August 2002 Archives
Bill Thompson has this interesting diatribe on The Register Damn the Constitution: Europe must take back the Web, in which he argues for a web that respects national boundaries in order to protect the rest of the world from a web dominated by the United States.
Today's Internet is a poor respecter of national boundaries, as many repressive governments have found to their cost. Unfortunately this freedom has been so extensively abused by the United States and its politicians, lawyers and programmers that it has become a serious threat to the continued survival of the network as a global communications medium. If the price of being online is to swallow US values, then many may think twice about using the Net at all, and if the only game online follows US rules, then many may decide not to play.
I hardly know how to respond to this. To me the fact that the net is so radically open is what makes it worthwhile. Thompson wants to give the nation state the political power to regulate the web. This might work well for the democratic nations of Europe who want to ban racial prejudice a la Yahoo and the French suit to ban Nazi artifacts. I acknowledge the need for local representation but wonder if the web might be more helpful in giving us a transnational culture instead of replicating the local mores. This transnational culture will be affected by America but I don't think it approaches hegemony, at least not yet.
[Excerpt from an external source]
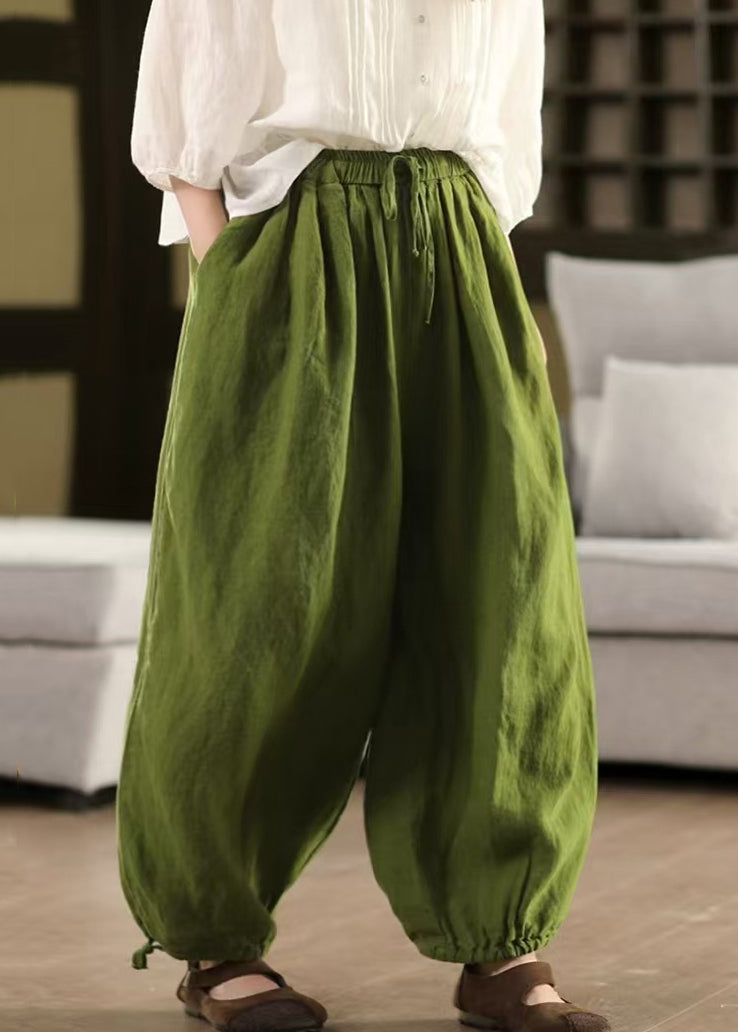 Pantalon d'été uni à lacets, taille élastique en lin, vert court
Johnson's article is a timely warning to remind us that we get the net we choose.
Washington Post on the power of swarming: groups of people arranging their lives around the contact provided by their cell phones.
Howard Rheingold says:
Smart mobs are a serious realignment of human affairs, in which leaders may determine an overall goal, but the actual execution is created on the fly by participants at the lowest possible level who are constantly innovating, Rheingold notes. They respond to changing situations without requesting or needing permission. In some cases, even the goal is determined collaboratively and non-hierarchically. It is the warp-speed embodiment of Gandhi's maxim, "There go my people, I must run to catch up with them for I am their leader."
Salon.com posts another entry demonstrating that technology is changing the way we conceive creativity. In 'Bootleg culture' Pete Rojas describes the growing phenomenon of 'bootlegs' or 'mash-ups', new songs that are created through the juxtaposition of two or more old songs. Such as "Soulwax's bootleg of Destiny's Child's "Bootylicious" mixed with Nirvana's "Smells Like Teen Spirit," Freelance Hellraiser's mix of Christina Aguilera singing over the Strokes, and Kurtis Rush's pairing of Missy Elliott rapping over George Michael's "Faith."
Siva Vaidhyanthan sums up the changes "It's about demolishing the myth that there has to be a special class of creators, and flattening out the creative curve so we can all contribute to our creative environment."
Technology makes the production, distribution, and creation of new artifacts increasingly easy. The problem we face now is who will control the results and the raw material of creativity. Copyright owners are fearful that they will lose their compensation for creating the new works that feed the mash-ups. Those who make the remixes want control over what they have purchased and the freedom to manipulate and talk-back to the world as they see fit.
Pete Rojas concludes:
Technology has not only expanded who can create; in blurring the distinction between consumers and producers, these new digital tools are also challenging the very ideas of creativity and authorship. They are forcing us to recognize modes of cultural production that often make it impossible to answer such once simple questions as, Who wrote this song? The cultural landscape that emerges will be a plural space of creation in which it may even become pointless to designate who created exactly what, since everyone will be stealing from and remixing everyone else. The results might be confusing, but it'll probably be a lot more fun and worth listening to than a world where only those with the financial resources to pay licensing fees (e.g., P. Diddy) get to make songs with sampling.